I removed the entire GestureIF interface from Entities, and added a new select method on the entity. Instead of entities themselves handling gestures to implement move, I now use the move method to do so. Instead of handling a doubleTap gesture event on the entity, I now user the select method.

type alias EntityIF msg =
    { move : VScene -> UpdateContext msg -> UpdateContext msg
    , select : UpdateContext msg -> UpdateContext msg
    , animate : Posix -> Maybe (Entity msg)
    , position : PScene
    , bbox : BLocal
    , view : ViewContextIF msg -> List (Svg msg)
    }

There was code in each entity to handle pointer drag, and this code needs to implement a small state machine (called GestureCondition in the implementation). This state machine flips into dragging mode when a drag is occurring and back to normal mode when the drag ends.

By removing the logic to drive the state machine from the entities and putting it in the Scene implementation instead, I am able to re-use this logic for all entities, current and future. Once this logic is correctly implemented, it removes the risk that some new entity added to the system can get it wrong. This greatly simplifies the logic each entity needs to implement to handle moves, since each move is now just a 2d vector.

For the Target shape:

onMove trans model raise (UpdateContext uc) =
    { model | pos = Point2d.translateBy trans model.pos }
        |> raise
        |> uc.updateEntity model.id

For the Root which acts as camera controller:

onMove trans _ _ (UpdateContext uc) =
    uc.moveCamera (Vector2d.reverse trans)

(On the UpdateContextIF, setCamera was replaced by moveCamera which is also narrower - the camera can no longer be arbitrarily set, it can only be moved or other specific and limited camera operations that are desirable to expose.)

I like how this now splits low-level gesture handling, from more high-level outcomes. The low-level handling bit happens entirely in the Scene implementation, and each entity provides implementations of more high-level methods that describe better the outcomes that will be applied to them. In this case I implemented doubleTap as triggering select on an entity, and that also leaves open the possibility of triggering the same select outcome in different ways - such as dragging a lasso control around a group of them, or single clicking, or …

Of course this is the well known OO refactoring of ‘pulling up’ a method from a sub-class into a parent one. A specific implementation gets recognised as a re-usable pattern, and pulled up into a place where it can be re-used and applied uniformly over a class of things.

Thanks for the write up!

In my understanding, FP facilitates adding an operation to a fixed set of data types (ADT) while OOP facilitates adding a data type to a fixed set of operations (Interface, type classes).

It’s clear how your work enables the second kind of extensibility as you pointed out, and it’s a very interesting pattern.

In your last point, you mention opaque types. In my experience with them, they do provide encapsulation, but not the extensibility of your solution. Is it yours as well? Or do you have examples of opaque types “done right” with some extensibility that I could look at for comparison/education?
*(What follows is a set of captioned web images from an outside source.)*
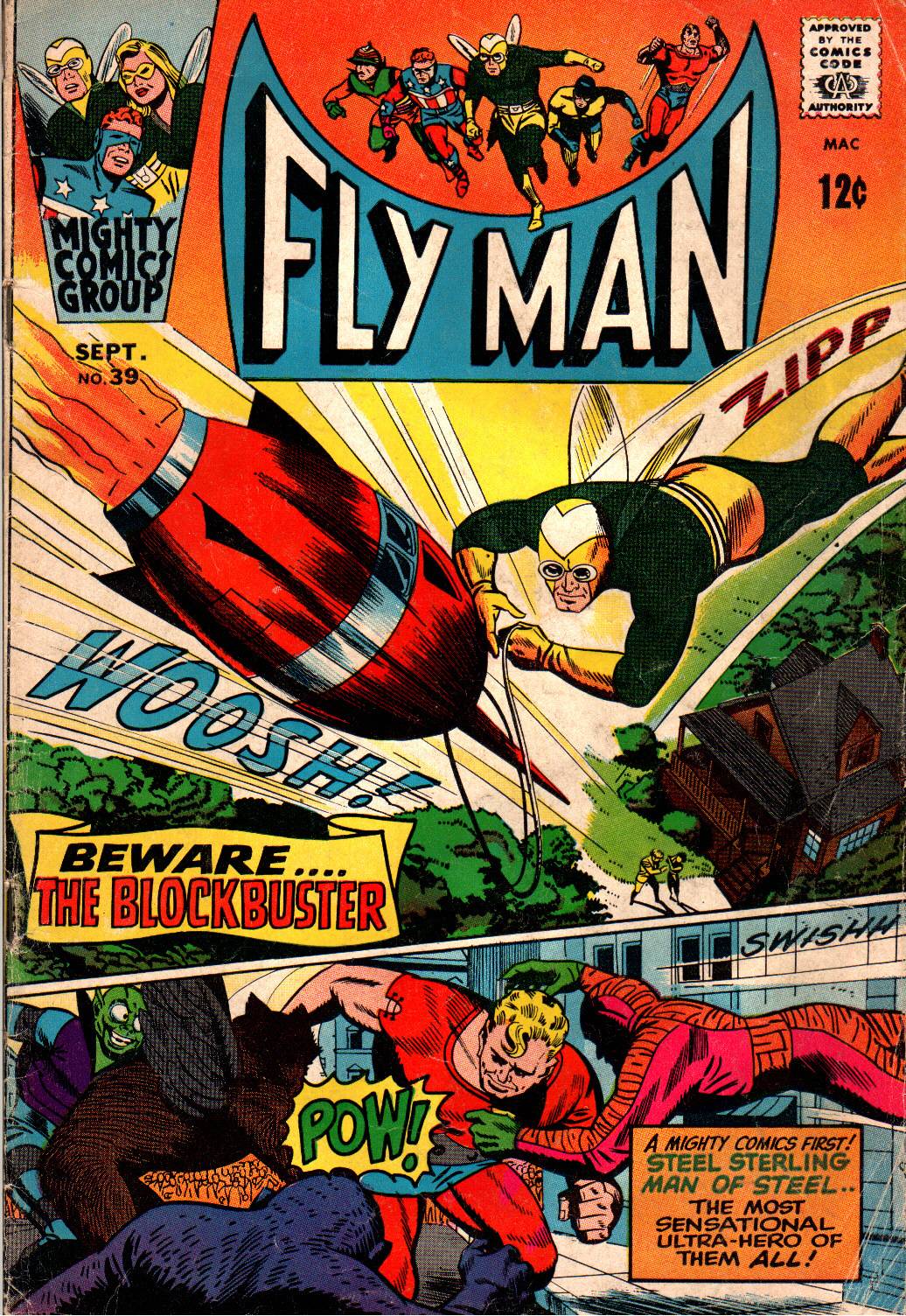Read online Fly Man comic -  Issue #39 - 1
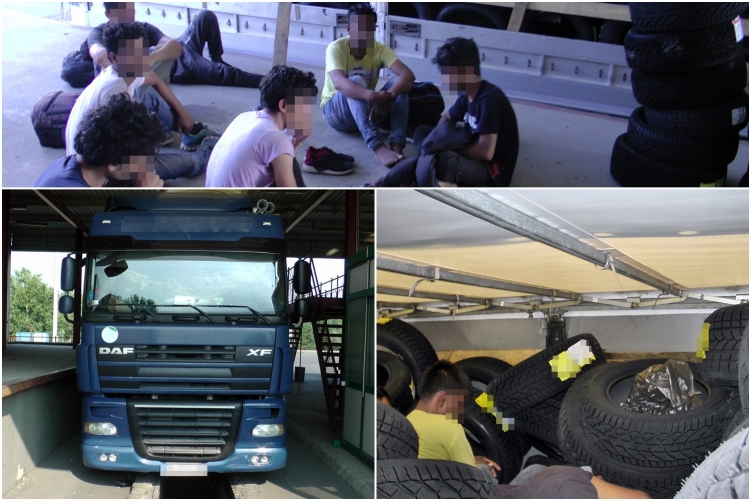 Hét külföldit próbáltak átcsempészni Tompán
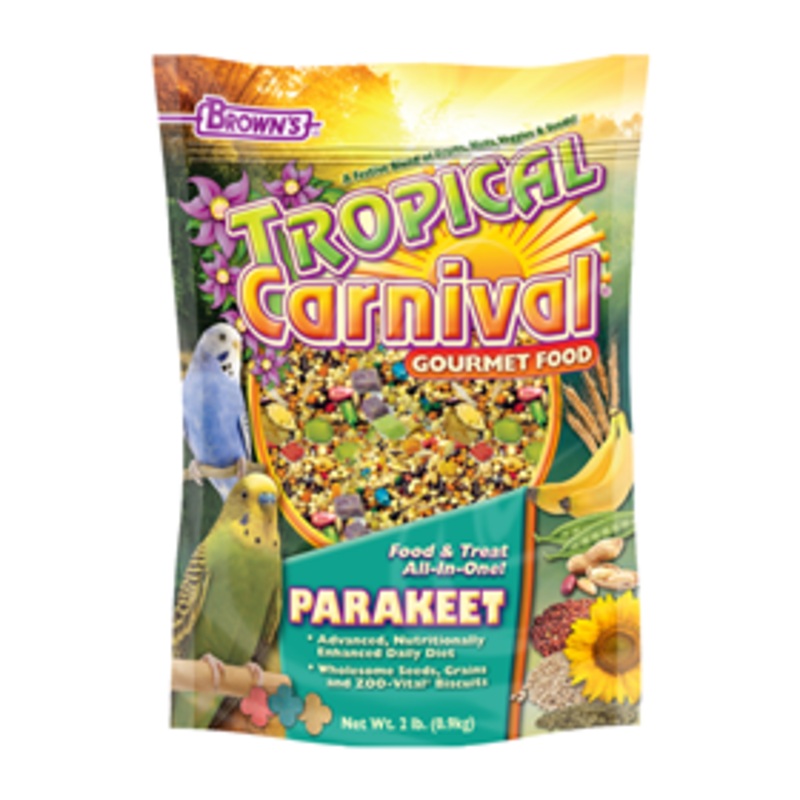 FM Brown’s Tropical Carnival Parakeet 2 lb.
I think that is correct, custom types do not give extensibility, at least not without modifying the type to add a new constructor.
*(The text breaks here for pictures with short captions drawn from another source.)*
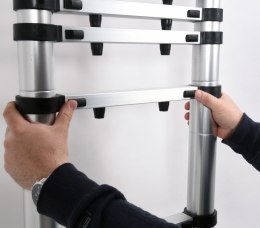 Drabina teleskopowa 13 stopni 3,8 m, nośność 150 kg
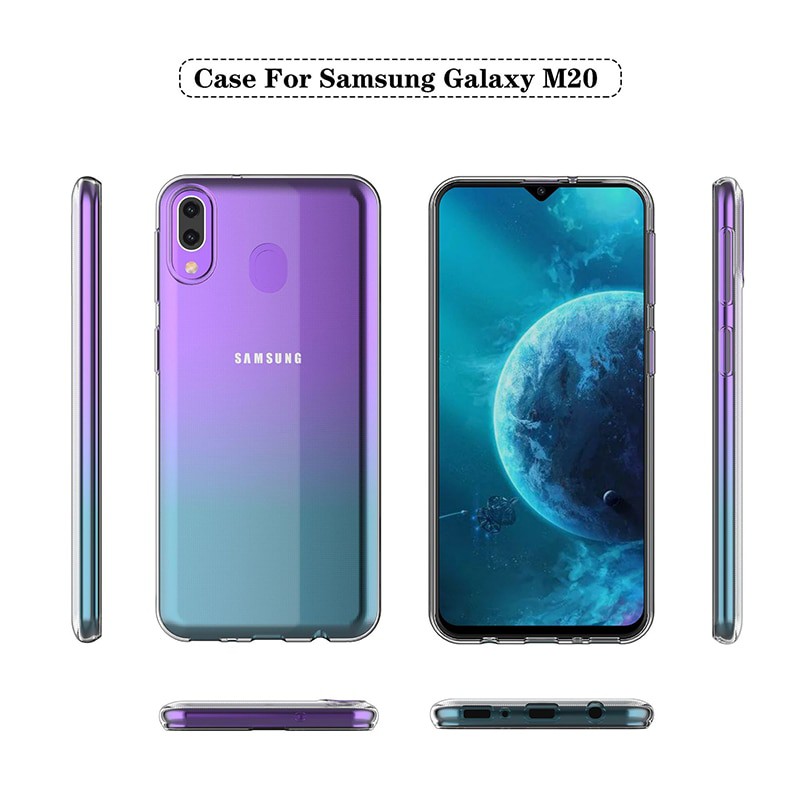 Ốp lưng dẻo trong suốt samsung galaxy M20
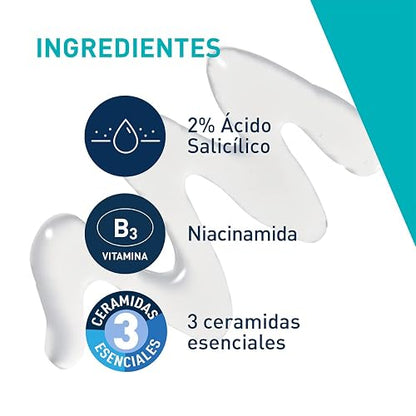 Cerave Gel Facial tratamiento Anti-imperfecciones Para Piel Grasa o Acne, 40ml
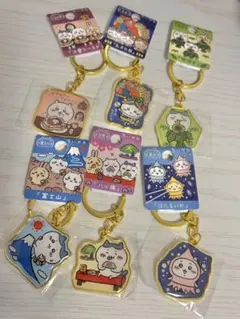 【新品】ちいかわ　ご当地キーホルダー　6個セット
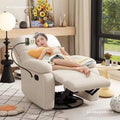 Single sofa chair computer space first class casual cabin recliner living room electric massage lazy sofa can lie down and sleep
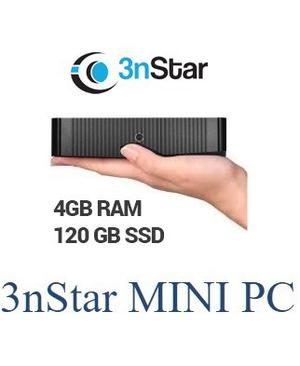 Mini Pc 3nstar Industrial Pc 4gb Ram 120gb Ssd Hd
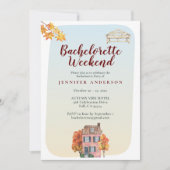 Herstfavorieten Rustic Bachelorette Weekend Kaart (Voorkant)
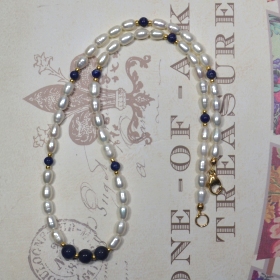 Lapis Lazuli & Freshwater Pearls by Meg - AllureBeads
type Shape = Square SquareProps | Triangle TriangleProps

Now you want to add cirlces?

type Shape = Square SquareProps | Triangle TriangleProps | Circle CircleProps

But you probably also have a load of functions over Shapes, so you need to add circle to them too:

shapeBBox : Shape -> BoundingBox2d Unitless Scene
shapeBBox shape = 
    case shape of 
        Circle props -> ... -- New code here
        Square props -> .. -- Existing code
        Triangle props -> .. -- Existing code

And so on, maybe you also have Encoder/Decoder, view, translation, select and many other things in some imaginary drawing program. If Shape is also opaque, the implementation details are hidden behind this drawing API.
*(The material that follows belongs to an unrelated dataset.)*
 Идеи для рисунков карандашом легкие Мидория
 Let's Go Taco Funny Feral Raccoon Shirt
So in that sense a custom type can be extended to add new behaviour, but it is necessary to modify existing code. The OO pattern can let you add new behaviour without touching existing code at all.

A good example of opaque types hiding implementation details might be Elms Dict. You don’t need to know how it works to use it, and its implementation could even change without breaking code using it. Inside I think its a red-black tree, but that should never leak through its API.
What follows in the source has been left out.